Junto a la Mar Chica, en esta mañana de julio de tanto tiempo después, el sol de África no pudre carne española; sólo empieza, como comprobaremos por la noche, a quemar nuestra piel.

Resplandece en paz bajo su luz la bandera rojigualda del consulado, que en estos tiempos se mantiene abierto principalmente para tramitar los visados de quienes quieren pasar a España (algunos dicen que hace años, después de la independencia, desde aquí se alentaban conspiraciones para una rebelión rifeña contra el gobierno de Rabat). Subimos al coche y le sugerimos a Hamdani que es el momento de buscar un lugar donde sentarnos a estudiar la ruta.

Volvemos a atravesar por el centro de Nador y nos detenemos en un cafetín de las afueras, ya en la carretera de Zeluán.
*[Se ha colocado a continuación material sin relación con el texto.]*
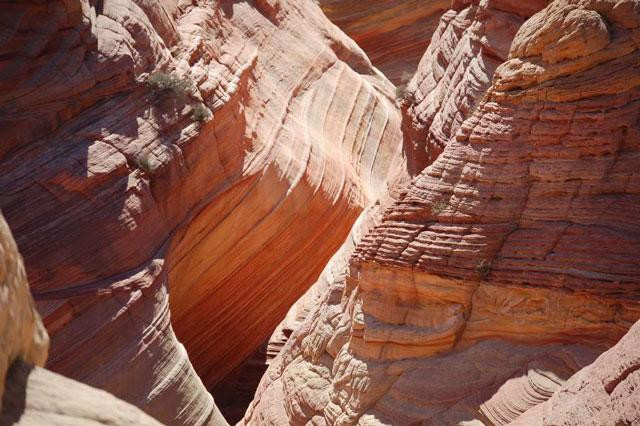 Galeria USA - Coyote Buttes - skamieniałe wydmy, obrazek 19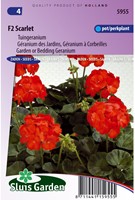 Tuingeranium F2 Rood-2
Pedimos para todos té con hierbabuena, que teníamos ganas de probar desde nuestra llegada a Melilla. Hamdani observa que es una buena elección, porque el día va a ser muy caluroso y no hay nada mejor contra la sed. El rito del té, en el que dejamos que nuestro conductor nos guíe, comienza escanciando un primer vaso que hay que devolver a la tetera, para que se disuelva bien el azúcar. Después Hamdani sirve los cuatro vasos, alzando la tetera hasta que se produce un poco de espuma. Cuando el vaso está lleno, corta el chorro con un golpe de muñeca. El té está hirviendo y el vaso quema los dedos. Para impedirlo, hay que cogerlo entre el filo superior y la base, más gruesa. Tradicionalmente era importante aprender este truco, porque dejar el vaso en la mesa era de mala educación. Bebemos enviando rápidamente el contenido del vaso a la garganta, para no quemarnos la lengua. El líquido hirviente pasa por todo el tubo digestivo, abrasándolo, y cae en el estómago con una extraña sensación reconfortante. Los ingredientes de la infusión son hoy los mismos que refería Ruiz Albéniz en 1921: té verde, azúcar de pilón, menta, hierbabuena. Debe estar bien cargada y muy dulce. Según Ruiz Albéniz, por el ruido de los sorbos y el ja de las gargantas quemadas se sabía siempre dónde se estaba bebiendo té. Un ritual que se cumplía en silencio, hasta que cada uno había tomado cinco o seis vasos pequeños. Eduardo, que ha estado en Mauritania, lo compara con el té tuareg, un poco más fuerte y amargo. Hamdani asiente; ha cumplido el servicio militar en el Sáhara y también conoce el té del desierto.